# TASK STATEMENT
Could every line of the listing be output exactly, with the pictures skipped?

--------------------------------------------------

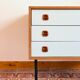 Teak dresser 1960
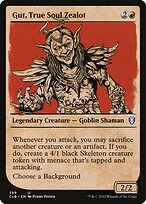 Gut, True Soul Zealot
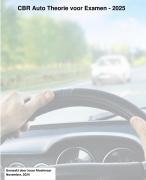 CBR Auto Theorie - Examen 2024/2025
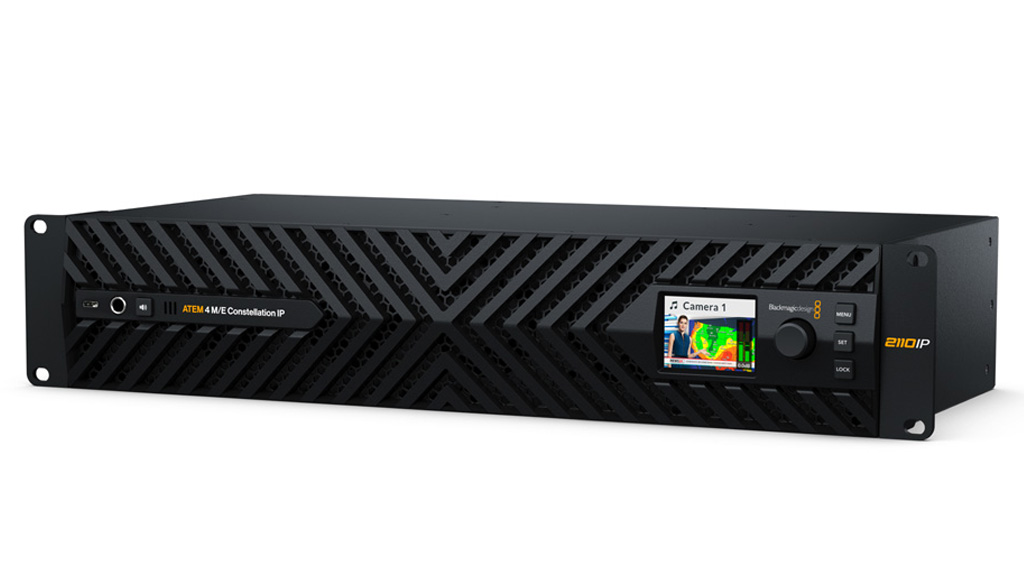 Blackmagic ATEM 4 M/E Constellation IP visual 1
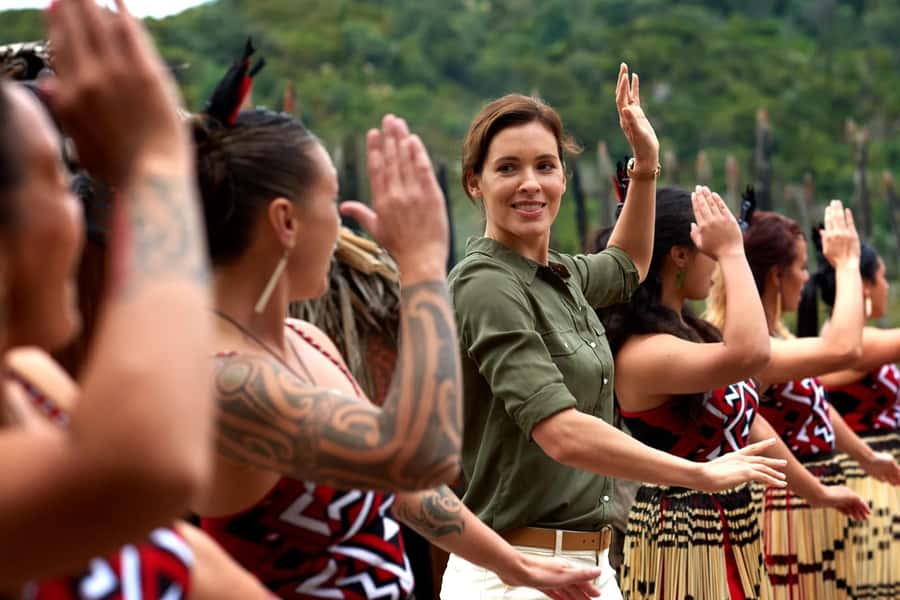 AKL: Te Puia Maori Haka, Kiwi Birds, Redwood & Blue Springs - Key points to know before booking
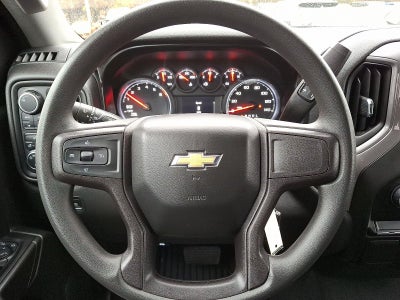 2021 Chevrolet Silverado 1500 WT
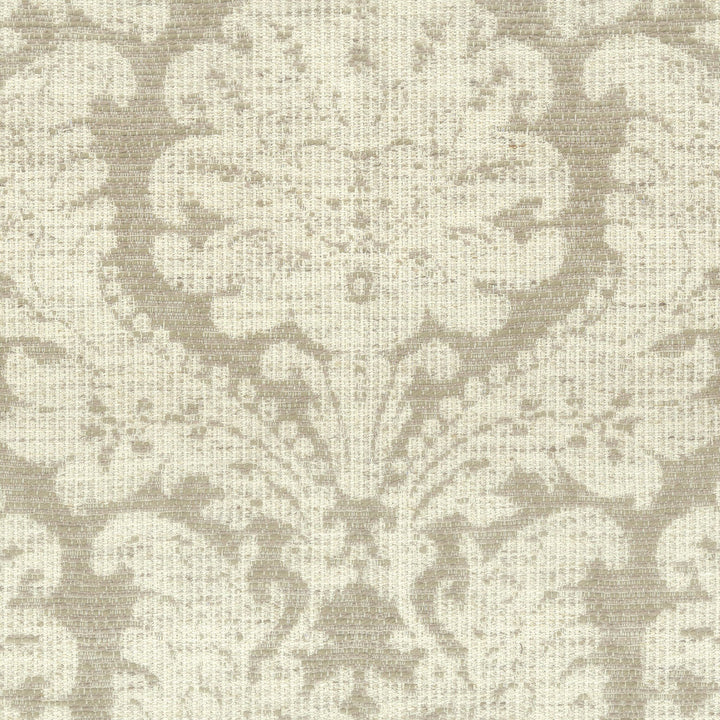 Normandy 2 Driftwood by Stout Designer Fabric LIVING IS EASY SALT/SANDSTONE 54%COT 27%POL 16%SVI 3%FLX USA PERFORMANCE RATED FABRIC FLAME RETARDANT-U.F.A.C. CLASS 1 CATB 117-2013 WYZENBEEK 33 000 DOUBLE RUB WEAR TEST (HEAVY DUTY) </p><p>Repeat: 12.875 55.25 in - Swanky Fabrics -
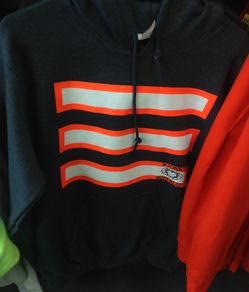 High Visibility Safety Hoodie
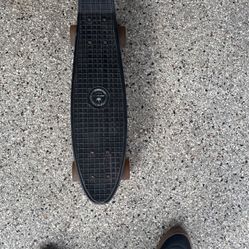 This board will go for days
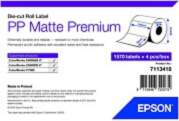 Epson PP MATTE LABEL PREM DIE-CUT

--------------------------------------------------

# SOLUTION FOR THIS PROBLEM
 Teak dresser 1960
 Gut, True Soul Zealot
 CBR Auto Theorie - Examen 2024/2025
 Blackmagic ATEM 4 M/E Constellation IP visual 1
 AKL: Te Puia Maori Haka, Kiwi Birds, Redwood & Blue Springs - Key points to know before booking
 2021 Chevrolet Silverado 1500 WT
 Normandy 2 Driftwood by Stout Designer Fabric LIVING IS EASY SALT/SANDSTONE 54%COT 27%POL 16%SVI 3%FLX USA PERFORMANCE RATED FABRIC FLAME RETARDANT-U.F.A.C. CLASS 1 CATB 117-2013 WYZENBEEK 33 000 DOUBLE RUB WEAR TEST (HEAVY DUTY) </p><p>Repeat: 12.875 55.25 in - Swanky Fabrics -
 High Visibility Safety Hoodie
 This board will go for days
 Epson PP MATTE LABEL PREM DIE-CUT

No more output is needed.